Chicoms and Russians concerned abut missile defense
...I think their fears are more about their own projections than reality. The US has zero desire to conquer China or Russia. It would be like a dog chasing a car and not knowing what to do with it once it was caught. I suspect their real fear is that they will not be able to intimidate their neighbors as easily. It is what they want to accomplish beyond their borders that troubles them about missile defense.
For the Russians, not to mention Pyongyang's Chinese backers, the deployment of U.S. antiballistic missile (ABM) technology around the world is becoming a bigger and bigger concern.
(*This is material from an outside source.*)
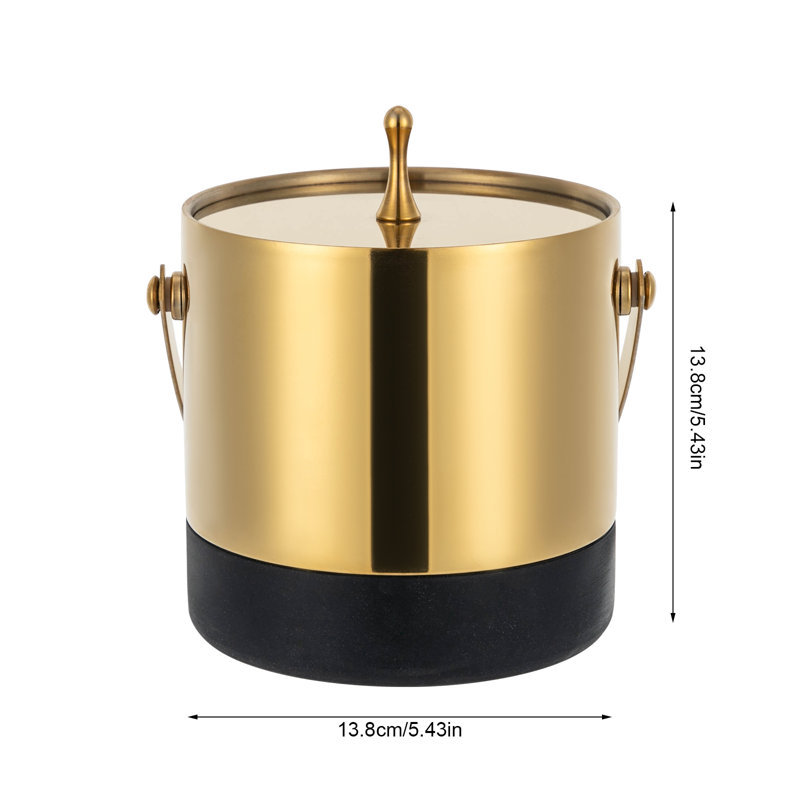 Kentrell Stainless Steel Ice Bucket, Gold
The Kremlin's anxiety, on clear display in Europe over the past few years, has more recently come to include the Asia-Pacific as the United States wraps up its delivery of the Terminal High Altitude Area Defense system to South Korea. That these systems will extend the coverage of missile defense radars operated by U.S. allies to include Chinese and Russian territory is an obvious concern to Beijing and Moscow, since the systems will enable Washington to better track missile flights and tests in both countries. But their fears go far beyond these immediate consequences.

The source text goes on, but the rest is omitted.